Most common field_distribution: [('computer science', 13), ('economics', 11), ('business', 9), ('engineering', 9), ('business administration', 4), ('law', 4), ('medicine', 4), ('english', 3), ('n/a', 3), ('management', 2)]


### Fourth conclusion
The most common fields among successful individuals are Computer Science, Economics, Business, and Engineering. This suggests that certain areas of study, particularly those related to technology, business, and economics, may have a stronger connection to later success. However, a variety of other fields such as Law, Medicine, and English are also represented, indicating that success can come from diverse academic backgrounds.

### 5. Question: How important are scholorships/awards for success?

In [11]:
print("scholarship_share:", df.scholarship_share())

scholarship_share: 74.07


### Fifth  conclusion
About 74% of the successful individuals in the dataset have received scholarships or awards. This high percentage indicates that scholarships and awards are common among successful people and may play a significant role in supporting their achievements. 

### 6. Question: Which university produces the most successful individuals? 

In [12]:
print("top_3_institutions:", df.top_institutions())

top_3_institutions: [('Harvard University', 10), ('Stanford University', 9), ('UCLA', 4)]


### Sixth conclusion
The top three universities producing the most successful individuals in the dataset are Harvard University, Stanford University, and UCLA. This suggests that attending prestigious institutions, especially those with strong reputations like Harvard and Stanford, may increase the likelihood of later success. However, success is not limited to just the very top universities, as shown by UCLA’s presence in the top three.

## Final conclusion
#### How important are academic achievements for later success?

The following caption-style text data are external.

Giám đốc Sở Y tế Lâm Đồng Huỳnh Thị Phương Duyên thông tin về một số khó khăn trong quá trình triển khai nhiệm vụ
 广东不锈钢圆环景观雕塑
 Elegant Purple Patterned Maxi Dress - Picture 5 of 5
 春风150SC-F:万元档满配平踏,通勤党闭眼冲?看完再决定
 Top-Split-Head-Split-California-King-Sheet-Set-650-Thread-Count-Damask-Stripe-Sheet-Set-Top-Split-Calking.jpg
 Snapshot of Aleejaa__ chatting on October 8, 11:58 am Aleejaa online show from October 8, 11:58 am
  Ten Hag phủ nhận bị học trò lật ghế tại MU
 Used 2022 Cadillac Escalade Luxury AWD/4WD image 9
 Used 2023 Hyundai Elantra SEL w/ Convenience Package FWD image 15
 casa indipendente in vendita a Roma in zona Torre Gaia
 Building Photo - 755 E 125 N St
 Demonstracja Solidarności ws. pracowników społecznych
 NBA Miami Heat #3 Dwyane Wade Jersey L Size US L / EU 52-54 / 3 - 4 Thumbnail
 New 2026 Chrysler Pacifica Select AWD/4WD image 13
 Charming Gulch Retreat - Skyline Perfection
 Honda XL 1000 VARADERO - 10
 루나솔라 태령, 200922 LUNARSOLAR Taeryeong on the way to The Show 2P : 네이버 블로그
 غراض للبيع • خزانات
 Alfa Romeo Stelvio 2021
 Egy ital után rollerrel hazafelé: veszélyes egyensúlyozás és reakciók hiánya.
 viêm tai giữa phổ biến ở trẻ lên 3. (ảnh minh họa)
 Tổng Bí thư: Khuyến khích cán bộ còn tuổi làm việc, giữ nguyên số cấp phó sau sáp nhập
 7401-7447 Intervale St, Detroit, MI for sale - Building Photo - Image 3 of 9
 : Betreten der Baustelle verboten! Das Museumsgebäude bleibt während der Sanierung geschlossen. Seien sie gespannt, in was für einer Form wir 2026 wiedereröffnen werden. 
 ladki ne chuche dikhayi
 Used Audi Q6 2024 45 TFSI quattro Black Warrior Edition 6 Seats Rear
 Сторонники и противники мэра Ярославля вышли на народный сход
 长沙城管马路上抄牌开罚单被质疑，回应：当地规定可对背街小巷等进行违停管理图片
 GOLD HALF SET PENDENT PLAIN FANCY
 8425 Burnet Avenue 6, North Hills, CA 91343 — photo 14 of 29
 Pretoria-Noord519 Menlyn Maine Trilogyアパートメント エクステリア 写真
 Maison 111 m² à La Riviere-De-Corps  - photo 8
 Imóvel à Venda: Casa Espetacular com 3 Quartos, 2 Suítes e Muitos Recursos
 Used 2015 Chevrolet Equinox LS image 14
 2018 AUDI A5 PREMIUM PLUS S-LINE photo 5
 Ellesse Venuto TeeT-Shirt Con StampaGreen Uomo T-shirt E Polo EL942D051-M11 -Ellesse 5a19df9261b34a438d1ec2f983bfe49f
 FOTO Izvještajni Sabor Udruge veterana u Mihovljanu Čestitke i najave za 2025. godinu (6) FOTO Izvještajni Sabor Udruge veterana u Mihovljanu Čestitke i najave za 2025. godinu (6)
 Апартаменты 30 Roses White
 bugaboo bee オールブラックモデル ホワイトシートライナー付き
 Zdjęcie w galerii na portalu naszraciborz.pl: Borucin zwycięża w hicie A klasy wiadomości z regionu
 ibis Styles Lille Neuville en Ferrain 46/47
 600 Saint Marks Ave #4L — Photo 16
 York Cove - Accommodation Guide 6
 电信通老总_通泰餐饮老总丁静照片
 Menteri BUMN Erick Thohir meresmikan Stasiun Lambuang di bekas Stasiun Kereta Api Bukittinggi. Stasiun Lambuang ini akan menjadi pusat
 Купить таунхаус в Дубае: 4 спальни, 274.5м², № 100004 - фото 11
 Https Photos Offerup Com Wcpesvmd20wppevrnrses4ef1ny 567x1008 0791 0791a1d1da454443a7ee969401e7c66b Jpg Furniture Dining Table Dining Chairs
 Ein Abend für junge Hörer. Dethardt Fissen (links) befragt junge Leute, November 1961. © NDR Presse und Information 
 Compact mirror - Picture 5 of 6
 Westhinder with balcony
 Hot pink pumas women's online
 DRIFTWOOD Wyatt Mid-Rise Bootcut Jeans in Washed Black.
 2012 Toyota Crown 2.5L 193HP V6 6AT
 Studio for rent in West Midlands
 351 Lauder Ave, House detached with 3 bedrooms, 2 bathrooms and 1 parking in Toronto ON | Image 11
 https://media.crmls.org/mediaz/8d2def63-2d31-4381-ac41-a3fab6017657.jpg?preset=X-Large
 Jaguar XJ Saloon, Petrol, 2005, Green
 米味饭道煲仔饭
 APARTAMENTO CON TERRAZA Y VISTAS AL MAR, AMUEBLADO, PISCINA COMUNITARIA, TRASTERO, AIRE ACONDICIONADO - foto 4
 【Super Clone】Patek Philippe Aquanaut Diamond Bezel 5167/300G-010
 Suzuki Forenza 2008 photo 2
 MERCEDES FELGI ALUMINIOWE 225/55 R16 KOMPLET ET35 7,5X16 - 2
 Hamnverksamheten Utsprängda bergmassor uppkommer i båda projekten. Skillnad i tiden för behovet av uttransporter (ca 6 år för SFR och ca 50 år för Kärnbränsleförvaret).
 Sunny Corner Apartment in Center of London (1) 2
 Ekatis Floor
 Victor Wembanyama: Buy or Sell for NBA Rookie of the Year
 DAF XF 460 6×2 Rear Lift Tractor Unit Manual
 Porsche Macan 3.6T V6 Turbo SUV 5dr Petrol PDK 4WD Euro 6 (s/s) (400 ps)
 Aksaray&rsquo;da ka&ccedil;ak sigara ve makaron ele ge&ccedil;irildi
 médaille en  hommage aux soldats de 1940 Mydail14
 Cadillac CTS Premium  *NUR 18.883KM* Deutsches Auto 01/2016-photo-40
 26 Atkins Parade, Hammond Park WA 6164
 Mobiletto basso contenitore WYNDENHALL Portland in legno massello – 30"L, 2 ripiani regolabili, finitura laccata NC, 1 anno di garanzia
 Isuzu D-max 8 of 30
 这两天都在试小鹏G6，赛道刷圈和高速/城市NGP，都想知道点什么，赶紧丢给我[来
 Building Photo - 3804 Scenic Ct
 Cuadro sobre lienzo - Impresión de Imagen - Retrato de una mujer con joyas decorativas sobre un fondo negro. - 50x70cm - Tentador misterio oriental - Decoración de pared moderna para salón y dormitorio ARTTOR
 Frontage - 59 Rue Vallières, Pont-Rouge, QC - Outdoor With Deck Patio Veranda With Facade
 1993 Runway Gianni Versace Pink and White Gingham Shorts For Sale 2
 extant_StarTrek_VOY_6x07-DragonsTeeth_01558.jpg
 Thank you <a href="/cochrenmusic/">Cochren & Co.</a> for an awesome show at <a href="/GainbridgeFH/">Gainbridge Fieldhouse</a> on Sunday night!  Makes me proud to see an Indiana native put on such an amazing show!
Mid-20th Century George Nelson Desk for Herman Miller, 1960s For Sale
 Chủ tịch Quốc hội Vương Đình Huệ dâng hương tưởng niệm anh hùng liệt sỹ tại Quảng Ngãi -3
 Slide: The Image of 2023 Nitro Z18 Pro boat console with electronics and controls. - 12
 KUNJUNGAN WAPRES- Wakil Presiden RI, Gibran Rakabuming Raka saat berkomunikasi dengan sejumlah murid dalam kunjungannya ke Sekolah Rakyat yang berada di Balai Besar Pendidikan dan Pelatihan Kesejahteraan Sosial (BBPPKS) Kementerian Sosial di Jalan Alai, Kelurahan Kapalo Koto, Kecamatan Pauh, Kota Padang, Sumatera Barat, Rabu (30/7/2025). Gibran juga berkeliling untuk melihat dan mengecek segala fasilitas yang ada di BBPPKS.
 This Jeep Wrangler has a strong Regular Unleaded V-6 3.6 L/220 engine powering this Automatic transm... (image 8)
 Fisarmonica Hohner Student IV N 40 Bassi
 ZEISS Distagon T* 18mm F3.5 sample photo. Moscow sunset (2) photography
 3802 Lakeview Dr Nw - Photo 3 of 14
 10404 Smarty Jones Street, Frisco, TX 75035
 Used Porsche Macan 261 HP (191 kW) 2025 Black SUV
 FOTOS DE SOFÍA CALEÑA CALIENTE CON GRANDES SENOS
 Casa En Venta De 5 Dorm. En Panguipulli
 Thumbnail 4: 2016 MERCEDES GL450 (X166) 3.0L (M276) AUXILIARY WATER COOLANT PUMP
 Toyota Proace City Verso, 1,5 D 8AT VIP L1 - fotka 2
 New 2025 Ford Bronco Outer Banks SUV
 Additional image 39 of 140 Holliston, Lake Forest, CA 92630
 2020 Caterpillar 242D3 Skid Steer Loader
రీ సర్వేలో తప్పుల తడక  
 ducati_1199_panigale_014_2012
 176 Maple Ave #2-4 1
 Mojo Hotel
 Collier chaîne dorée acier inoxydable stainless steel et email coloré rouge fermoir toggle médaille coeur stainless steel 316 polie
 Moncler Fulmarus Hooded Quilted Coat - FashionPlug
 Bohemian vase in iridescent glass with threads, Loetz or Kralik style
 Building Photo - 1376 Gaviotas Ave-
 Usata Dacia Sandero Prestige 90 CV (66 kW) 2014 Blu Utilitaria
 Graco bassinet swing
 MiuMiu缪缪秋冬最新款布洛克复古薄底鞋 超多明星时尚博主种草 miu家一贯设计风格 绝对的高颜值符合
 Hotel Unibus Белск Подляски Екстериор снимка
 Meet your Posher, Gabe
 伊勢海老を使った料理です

Academic achievement appears to play an important role in achieving career success. Most individuals in the dataset hold university degrees and the average GPA is significantly above the U.S. average. Nearly half of them attended one of the top 20 universities worldwide, suggesting that elite institutions may offer an advantage on the path to success.

In conclusion, academic achievements — such as earning a degree, maintaining a strong GPA, attending prestigious universities and getting a scholarship/awards — are common among successful individuals and can certainly support a successful career. However, success can take many forms, and not everyone in the dataset followed the same path. Some achieved success without formal degrees.

It is interesting to note that certain areas of study, particularly those related to technology, business, and economics, may have a stronger connection to later success. Additionally, the top three most attended universities among successful individuals are Harvard, Stanford, and UCLA, highlighting the influence of prestigious institutions on career outcomes.
 
 We also have to consider that success is hard to measure exactly, and grading systems or university rankings can vary between countries. Additionally, the dataset contains only 108 rows (after cleaning even less than 108), and it is biased because it includes only successful people.